Lungo le coste italiane sono ben 120 i punti altamente inquinati: uno ogni 62 chilometri. Sul podio del mare più inquinato troviamo la Calabria e la Campania, rispettivamente con 19 e 14 punti inquinati, mentre a sorpresa si piazza al secondo posto la Liguria con 15 prelievi risultati oltre i limiti di legge. Sardegna e Toscana si confermano anche quest’anno le regioni col mare più pulito, rispettivamente con un campione inquinato ogni 433 e 200 km di costa.

Sono questi i risultati del bilancio finale dell’edizione 2012 di Goletta Verde, la storica campagna di Legambiente che per due mesi ha circumnavigato lo Stivale, monitorando lo stato di salute del mare italiano, realizzata anche grazie al contributo del COOU, Consorzio Obbligatorio degli Oli Usati, e con la partecipazione di Corepla, Novamont e Nau!.
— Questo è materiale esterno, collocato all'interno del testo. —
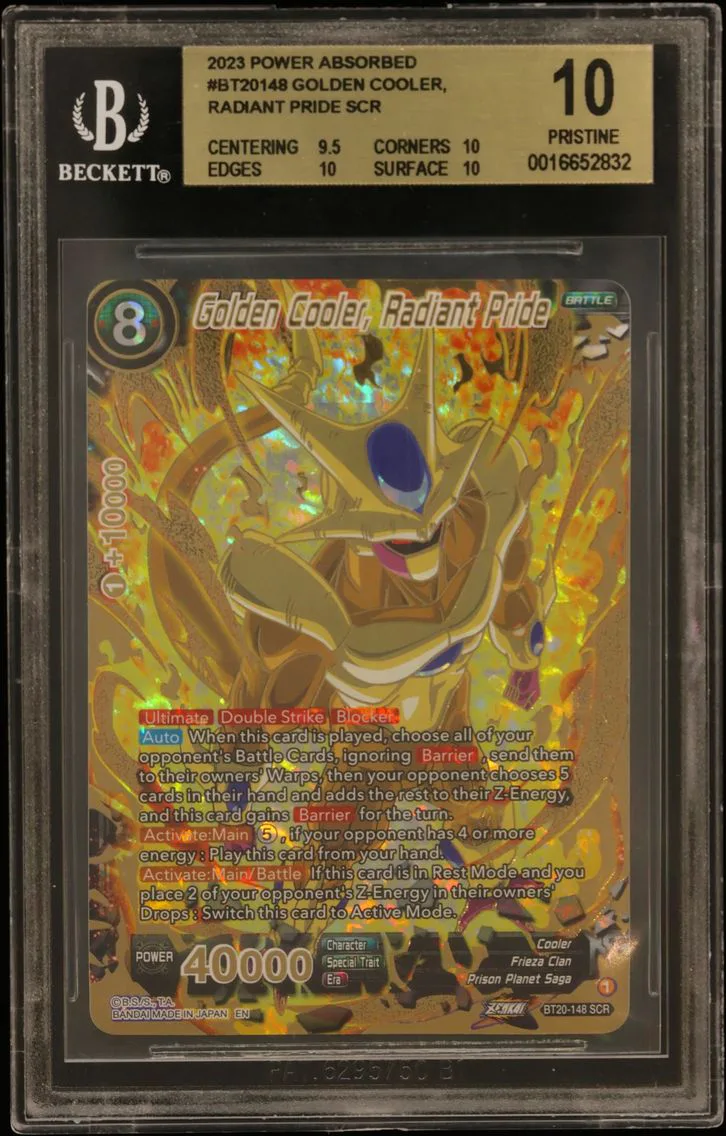 2023 #BT20148 Golden Cooler, Radiant Pride SCR BGS 10 Dragon Ball Super Card Game Power Absorbed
Ben 100 i prelievi risultati fortemente inquinati, cioè con concentrazioni di batteri di origine fecale pari ad almeno il doppio dei limiti di legge. L’86% dei punti inquinati sono stati prelevati alle foci di fiumi, torrenti e canali, risultati i nemici numero uno del mare italiano, ma anche nei pressi di scarichi di depuratori malfunzionanti.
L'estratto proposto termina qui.